They're self-controlled, upright, holy, disciplined, theologically sound and able to guard the truth. And if you want to fix an organization, you can't just get good leaders in place. What do you do? You got to get rid of the bad ones. So he says these false teachers, rebuke them, confront them. Look at the words. This is non-good. They're deceivers, mere talkers, ruining whole families. They're dishonest. They promote the values and the morality of Crete instead of of Christ. And this will come as a shock.

Are you ready? As we study this a little bit later, there's people actually using the name of Jesus and saying spiritual things to get rich. Is that shocking or what?

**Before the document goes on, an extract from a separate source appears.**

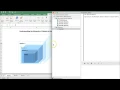 Understanding Objects in VBA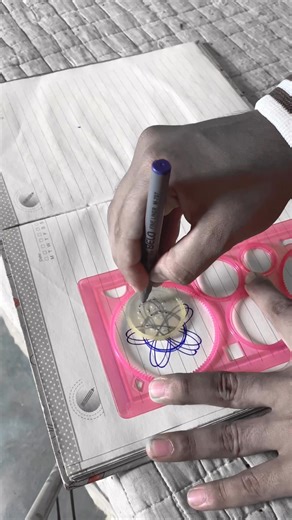 11K views · 18 reactions | Watch till the end… your eyes will thank you  #SatisfyingVibes #OddlySatisfying #RelaxMode #VisualPeace #SoClean #MindCalm | Faisal Kamboh | Facebook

I mean, there's not even TV yet. And he says, address that. And then notice the summary after he says, you got to deal with these false teachers. He says, they profess to know God, their words, but by their deeds, their actions, they deny him. He says they're detestable. They're disobedient. And look at that last line.

They're unfit for doing any, here's our word, good thing. So all I want you to know is he's, he's going to address the issue of doing good with the leaders first. Chapter two opens up and he says, okay, Titus, it's one thing to deal with the leadership. Now here's what I want you to do. I want you to teach people what good looks like in every relationship. And so here's the start.

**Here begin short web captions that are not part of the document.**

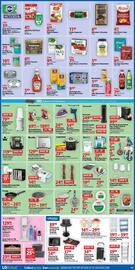 London Drugs flyer week 21 Page 3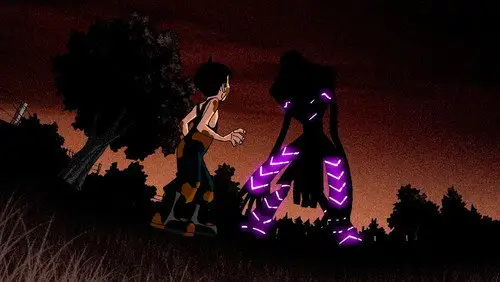 Ben 10 Temporada 3 Episodios 8 • Sub Español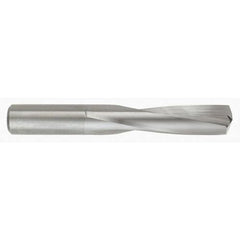 75331 ALTIMA #3 HI-TUFF - Exact Industrial Supply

Start with the people that should know the most. Tell the older men, this is what good looks like in relationships. Tell the older women, this is what good looks like.

Tell the younger women, the younger men, in fact, tell the slaves. Because every relationship is a reflection of Christ and the validity of who he is and what he said, or it discredits him. And then after he gives this, right in the center, the second assignment of, of teaching what is good, we get a theology of doing good. He says, for the grace of God that appeared and that offers salvation to all people, it, this same grace that saves you, it teaches us to say no to all ungodliness and worldly passions, negative and positive, to live self-controlled upright and godly lives in this present age. And then sort of this clause that gives perspective while we are waiting for the blessed hope, the appearing of the glory of our great God and savior, Jesus Christ. And then sort of this qualifying clause, not only is Jesus called God here and our great savior, but it gives his mission who gave himself to redeem us from or out of all wickedness to becoming his very own people. And then notice what kind of people we are eager or zealous to do what is good.

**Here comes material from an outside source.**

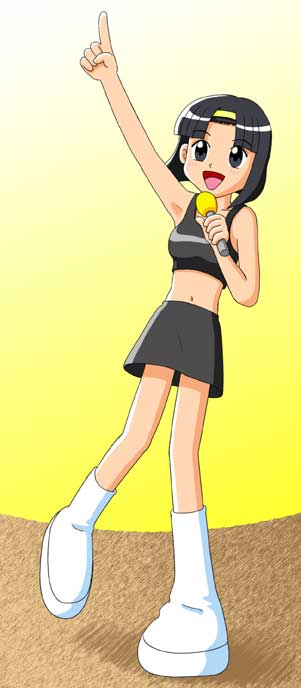 �݂�ȁ[���A������[��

And so the summary is, these are the things that you have to teach. The third area in this entire book is, so what's it look like to do good in the world? And I hope you're getting the idea that doing good is more than sort of like a little list of good little deeds.

I'm trying to be a nice little good person. It's talking about a mindset and a thought life and a relational aspect where you are literally allowing the Spirit of God to produce a life of Christ and it begins to play out in how you live, how you think, and how you relate inside the church and outside the church. And so doing good out in the world, he says, remind God's people to, here's what good looks like, submit to authorities, be ready to do whatever is good, slander no one, be peaceable and considerate, show true humility to all men.

Ooh. And then he gives the reason that we're to do good to all and we'll explore that a bit more when we get to that chapter. And then he gives a theology of not doing good but becoming good because he doesn't want them confused. He says, I want you, hey, you do not get saved by good works. But what he's going to say is it's by the washing of regeneration and renewing of the Spirit, it's by God's mercies that you're saved.

And he's going to make this big point. Doing good doesn't get you right with God, but those who are right with God always end up doing good because of who lives inside of them. With that, if you still have your Bibles open, the other thing I did is I started to trace some themes through the book because I want you to get this idea that good has to do with who you are, sort of the, a godliness and a moral capacity and look at chapter one and I'll just, I'm just zooming so you don't have to follow too closely, almost lean back and listen to all these words that are repeated about. So this is what good looks like. Verse one, it's a knowledge of the truth, speaking of salvation that leads to godliness.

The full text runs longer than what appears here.